▶ About this exercise: Return only the lines running from the one that contains "ヒメ日記 2026/08/16 13:00 投稿 かほ ご近所物語" through the end of the entries, exactly, both ends included. Omit pictures.

▶ Data for this task:
····················

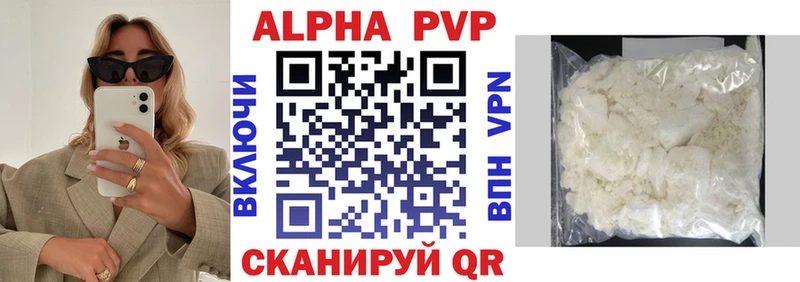 A-PVP мука  Домодедово 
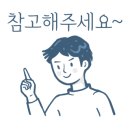 이마트에브리데이 대전둔산점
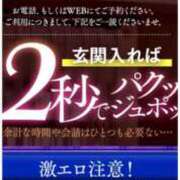 ヒメ日記 2026/08/16 13:00 投稿 かほ ご近所物語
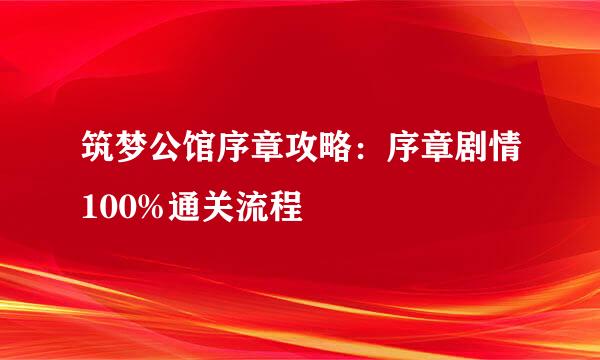 筑梦公馆序章攻略：序章剧情100%通关流程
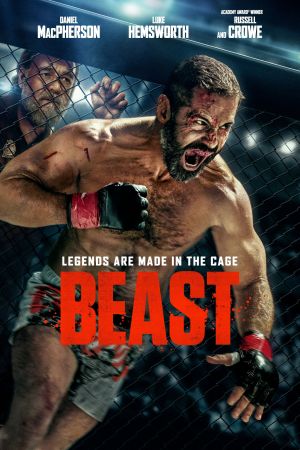 Image Beast – Der Film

····················

▶ Expected output:
 ヒメ日記 2026/08/16 13:00 投稿 かほ ご近所物語
 筑梦公馆序章攻略：序章剧情100%通关流程
 Image Beast – Der Film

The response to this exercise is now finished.